The latest actual publicly-available RFMF figure I can find for AMF, and the other top GW charities, is here from Q3 2020, which is probably what you're referring to in the OP by "It's hard to find up-to-date data"; back then it was just $37.8M, nearly an order of mag lower, although I'm not sure whether Rob's and GiveWell's RFMF figures are like for like.

The justifications for these grants tend to use some simple expected value calculation of a singular rosy hypothetical casual chain. The problem is it's possible to construct a hypothetical value chain to justify any sort of grant. So you have to do more than just make a rosy casual chain and multiply numbers through.

Worth noting that even GiveWell doesn't rely on a single EV calculation either (however complex). Quoting Holden's 10 year old writeup Sequence thinking vs. cluster thinking:

Our approach to making such comparisons strikes some as highly counterintuitive, and noticeably different from that of other “prioritization” projects such as Copenhagen Consensus.

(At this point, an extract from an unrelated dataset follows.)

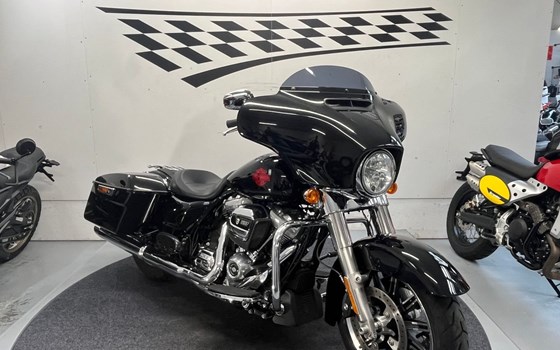 Gebrauchtmotorrad Harley-Davidson Touring Electra Glide Standard FLHT - Bild 1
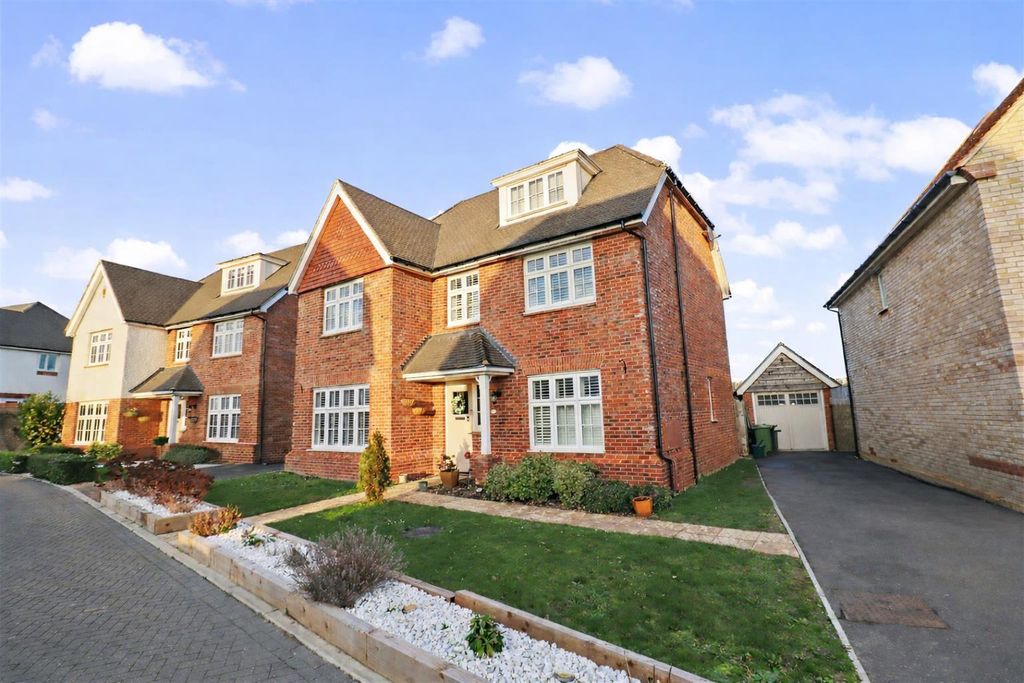 5 bed detached house for saleHome Field Drive, Braintree CM7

Rather than focusing on a single metric that all “good accomplished” can be converted into (an approach that has obvious advantages when one’s goal is to maximize), we tend to rate options based on a variety of criteria using something somewhat closer to (while distinct from) a “1=poor, 5=excellent” scale, and prioritize options that score well on multiple criteria.

We often take approaches that effectively limit the weight carried by any one criterion, even though, in theory, strong enough performance on an important enough dimension ought to be able to offset any amount of weakness on other dimensions. 

... I think the cost-effectiveness analysis we’ve done of top charities has probably added more value in terms of “causing us to reflect on our views, clarify our views and debate our views, thereby highlighting new key questions” than in terms of “marking some top charities as more cost-effective than others.”